Directions for this task |
In the records, find each line where "Week" occurs, and copy it.

Short descriptive text snippets
((

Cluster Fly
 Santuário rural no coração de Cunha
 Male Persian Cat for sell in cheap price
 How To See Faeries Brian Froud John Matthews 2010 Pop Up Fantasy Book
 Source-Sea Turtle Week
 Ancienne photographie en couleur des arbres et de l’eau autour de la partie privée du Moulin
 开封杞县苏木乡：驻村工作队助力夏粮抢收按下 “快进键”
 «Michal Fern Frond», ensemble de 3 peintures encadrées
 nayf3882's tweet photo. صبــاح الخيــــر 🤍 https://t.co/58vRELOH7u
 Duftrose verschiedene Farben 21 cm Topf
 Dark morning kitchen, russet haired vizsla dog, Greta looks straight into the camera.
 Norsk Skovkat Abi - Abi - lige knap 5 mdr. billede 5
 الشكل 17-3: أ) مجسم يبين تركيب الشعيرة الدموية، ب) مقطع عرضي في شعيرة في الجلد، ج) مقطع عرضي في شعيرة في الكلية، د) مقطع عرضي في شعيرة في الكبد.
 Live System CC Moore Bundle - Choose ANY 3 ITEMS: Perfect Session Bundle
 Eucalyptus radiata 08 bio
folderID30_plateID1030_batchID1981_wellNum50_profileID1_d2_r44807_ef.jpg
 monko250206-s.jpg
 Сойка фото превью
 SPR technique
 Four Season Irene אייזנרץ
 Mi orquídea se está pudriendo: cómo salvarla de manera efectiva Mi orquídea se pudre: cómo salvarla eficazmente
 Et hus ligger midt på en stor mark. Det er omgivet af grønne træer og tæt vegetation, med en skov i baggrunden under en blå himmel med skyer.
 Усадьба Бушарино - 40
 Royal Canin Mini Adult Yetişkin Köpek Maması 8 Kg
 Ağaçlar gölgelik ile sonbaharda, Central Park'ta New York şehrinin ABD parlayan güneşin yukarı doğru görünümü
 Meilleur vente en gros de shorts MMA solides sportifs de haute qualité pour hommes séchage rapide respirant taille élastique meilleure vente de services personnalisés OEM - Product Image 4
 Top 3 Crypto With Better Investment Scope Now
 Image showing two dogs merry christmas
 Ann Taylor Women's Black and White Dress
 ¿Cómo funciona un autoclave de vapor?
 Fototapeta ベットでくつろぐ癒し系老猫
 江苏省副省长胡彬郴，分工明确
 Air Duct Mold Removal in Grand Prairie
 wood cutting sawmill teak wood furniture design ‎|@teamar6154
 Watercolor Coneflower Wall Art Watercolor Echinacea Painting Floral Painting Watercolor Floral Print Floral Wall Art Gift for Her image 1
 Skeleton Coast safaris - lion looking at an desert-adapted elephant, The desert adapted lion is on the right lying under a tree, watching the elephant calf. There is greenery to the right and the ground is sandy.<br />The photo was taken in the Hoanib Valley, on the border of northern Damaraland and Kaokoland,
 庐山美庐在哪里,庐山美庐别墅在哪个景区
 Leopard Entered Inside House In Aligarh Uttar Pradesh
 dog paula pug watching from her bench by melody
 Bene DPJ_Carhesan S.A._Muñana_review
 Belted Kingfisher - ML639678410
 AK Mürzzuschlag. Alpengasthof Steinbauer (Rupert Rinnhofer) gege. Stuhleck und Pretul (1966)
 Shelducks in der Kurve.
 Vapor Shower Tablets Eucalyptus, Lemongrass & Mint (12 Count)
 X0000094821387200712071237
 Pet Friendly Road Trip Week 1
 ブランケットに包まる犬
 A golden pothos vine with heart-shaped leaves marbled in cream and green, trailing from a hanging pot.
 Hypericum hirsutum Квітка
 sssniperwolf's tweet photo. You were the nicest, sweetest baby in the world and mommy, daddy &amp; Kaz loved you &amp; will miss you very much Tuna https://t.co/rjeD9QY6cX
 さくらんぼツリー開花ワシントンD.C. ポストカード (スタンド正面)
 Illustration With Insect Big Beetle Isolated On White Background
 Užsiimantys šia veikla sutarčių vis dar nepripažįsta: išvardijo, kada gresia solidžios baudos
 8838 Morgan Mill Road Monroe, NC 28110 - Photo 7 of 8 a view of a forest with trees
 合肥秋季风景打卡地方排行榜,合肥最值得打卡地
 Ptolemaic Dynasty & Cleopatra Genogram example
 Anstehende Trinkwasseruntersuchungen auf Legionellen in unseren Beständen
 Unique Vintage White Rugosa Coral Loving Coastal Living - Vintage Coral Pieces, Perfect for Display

))

Solution to this exercise |
 Source-Sea Turtle Week
 Pet Friendly Road Trip Week 1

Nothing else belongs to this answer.